Waarschijnlijk kwamen de Europese talen mee met boeren uit het Nabije Oosten
Tot nog toe werd gedacht dat de genvariant die ervoor zorgt dat volwassen mensen melk kunnen verteren samen met de veehouders uit het Nabije Oosten zijn intrede deed. Uit de studie blijkt echter dat de variant bij de Yamnaya veel algemener was dan hier – bij het begin van de bronstijd kon naar schatting slechts één volwassen Europeaan op twintig melk drinken zonder daar buikpijn aan over te houden.
Indo-Europese talen
'Eerlijk gezegd: ik moest wel even slikken toen ik deze data voor het eerst onder ogen kreeg', aldus evolutionair geneticus Mark Thomas (University College Londen), wiens eigen modellen de verspreiding van de genvariant eerder aan de opmars van de landbouw linkten. 'Dat de variant nog zeldzaam was in die tijd verbaast me niet echt – natuurlijke selectie heeft tijd nodig. Maar die grote migratie van Yamnaya in de Bronstijd, die voorheen quasi onbekend was en dus niet in ons model zat, heeft mogelijk een groot effect gehad op de verspreiding. Wie weet lag ze zelfs aan de basis.'
De studie werpt ook licht op een andere aanslepende kwestie, namelijk die over de komst van de Proto-Indo-Europese taalfamilie naar onze contreien. Sommige wetenschappers denken dat die samen met de landbouwrevolutie vanuit het Nabije Oosten onze richting uitkwam. Maar ze had dus net zo goed met de grote immigratiegolf uit de steppen van Centraal-Azië kunnen meeliften.
De Nederlandse computerwetenschapper Remco Bouckaert, die zich enkele jaren geleden met zijn collega's van de Universiteit van Auckland, Nieuw-Zeeland, over dezelfde vraag boog, is daar echter niet zo zeker van. ‘Deze studie toont aan dat er in de bronstijd een grote migratiebeweging was, en die maakte de verspreiding van taal mogelijk.

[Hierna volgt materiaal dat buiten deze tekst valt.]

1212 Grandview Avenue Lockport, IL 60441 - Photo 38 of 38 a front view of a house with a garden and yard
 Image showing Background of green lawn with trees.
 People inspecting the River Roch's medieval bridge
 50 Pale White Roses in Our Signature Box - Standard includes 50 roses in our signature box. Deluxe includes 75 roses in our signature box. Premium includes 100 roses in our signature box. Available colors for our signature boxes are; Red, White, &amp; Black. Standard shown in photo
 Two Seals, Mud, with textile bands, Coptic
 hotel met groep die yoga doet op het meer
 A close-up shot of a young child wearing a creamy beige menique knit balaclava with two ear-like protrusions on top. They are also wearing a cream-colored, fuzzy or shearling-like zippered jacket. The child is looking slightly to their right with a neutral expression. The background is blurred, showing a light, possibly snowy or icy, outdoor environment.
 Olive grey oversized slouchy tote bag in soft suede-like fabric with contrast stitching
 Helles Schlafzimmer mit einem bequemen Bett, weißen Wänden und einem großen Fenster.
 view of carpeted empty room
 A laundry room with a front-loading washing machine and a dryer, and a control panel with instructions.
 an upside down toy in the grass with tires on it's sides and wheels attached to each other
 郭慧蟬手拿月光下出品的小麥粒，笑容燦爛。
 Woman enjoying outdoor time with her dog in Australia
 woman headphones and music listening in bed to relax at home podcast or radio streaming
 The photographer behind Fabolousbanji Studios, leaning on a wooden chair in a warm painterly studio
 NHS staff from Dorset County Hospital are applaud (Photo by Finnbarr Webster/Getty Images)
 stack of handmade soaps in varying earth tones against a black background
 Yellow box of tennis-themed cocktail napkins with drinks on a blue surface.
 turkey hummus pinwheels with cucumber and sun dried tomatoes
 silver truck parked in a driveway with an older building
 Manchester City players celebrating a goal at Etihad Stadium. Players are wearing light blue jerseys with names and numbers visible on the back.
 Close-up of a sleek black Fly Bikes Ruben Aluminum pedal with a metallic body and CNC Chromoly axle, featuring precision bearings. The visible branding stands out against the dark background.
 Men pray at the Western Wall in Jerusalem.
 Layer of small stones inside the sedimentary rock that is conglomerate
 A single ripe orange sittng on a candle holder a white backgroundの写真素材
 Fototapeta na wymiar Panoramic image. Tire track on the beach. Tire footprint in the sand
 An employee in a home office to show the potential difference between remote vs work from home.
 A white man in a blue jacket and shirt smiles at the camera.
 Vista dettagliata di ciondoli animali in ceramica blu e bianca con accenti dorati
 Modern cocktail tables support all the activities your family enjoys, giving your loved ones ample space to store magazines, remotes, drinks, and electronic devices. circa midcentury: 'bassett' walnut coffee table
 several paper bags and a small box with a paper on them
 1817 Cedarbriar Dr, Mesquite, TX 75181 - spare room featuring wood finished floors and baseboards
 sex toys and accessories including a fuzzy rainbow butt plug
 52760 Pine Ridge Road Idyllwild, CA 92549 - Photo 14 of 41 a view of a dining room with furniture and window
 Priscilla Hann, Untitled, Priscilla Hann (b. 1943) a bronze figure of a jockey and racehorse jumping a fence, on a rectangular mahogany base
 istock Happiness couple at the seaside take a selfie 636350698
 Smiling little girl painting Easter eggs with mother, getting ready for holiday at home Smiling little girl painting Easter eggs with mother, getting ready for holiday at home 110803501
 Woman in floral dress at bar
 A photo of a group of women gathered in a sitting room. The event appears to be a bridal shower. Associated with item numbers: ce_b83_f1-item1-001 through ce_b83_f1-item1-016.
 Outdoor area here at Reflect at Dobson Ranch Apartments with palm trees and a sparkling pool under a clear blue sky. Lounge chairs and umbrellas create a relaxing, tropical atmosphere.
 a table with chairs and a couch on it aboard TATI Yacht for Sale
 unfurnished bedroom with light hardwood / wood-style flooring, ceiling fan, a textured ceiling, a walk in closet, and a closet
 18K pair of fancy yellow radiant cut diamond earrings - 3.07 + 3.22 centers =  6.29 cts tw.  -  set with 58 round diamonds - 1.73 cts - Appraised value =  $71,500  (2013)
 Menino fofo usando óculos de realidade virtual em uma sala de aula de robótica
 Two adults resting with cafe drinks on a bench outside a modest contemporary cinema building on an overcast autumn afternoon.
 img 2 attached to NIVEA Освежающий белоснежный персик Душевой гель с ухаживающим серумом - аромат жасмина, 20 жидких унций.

Maar als je de talen zelf met elkaar vergelijkt, zoals wij systematisch gedaan hebben, dan blijkt dat de Europese talen al veel langer afzonderlijk evolueren, waardoor het waarschijnlijk is dat ze met de boeren uit het Nabije Oosten meekwamen.’
De historische discussies zijn dus nog lang niet beslecht, maar zeker is dat ze in de komende jaren weer volop zullen woeden. ‘Over vijf jaar zullen we het hebben over vele tienduizenden genomen’, schat geneticus Greger Larson (Universiteit van Oxford) in een begeleidend nieuwsstuk. En wat die ons allemaal zullen leren, daar kunnen we momenteel alleen maar over fantaseren.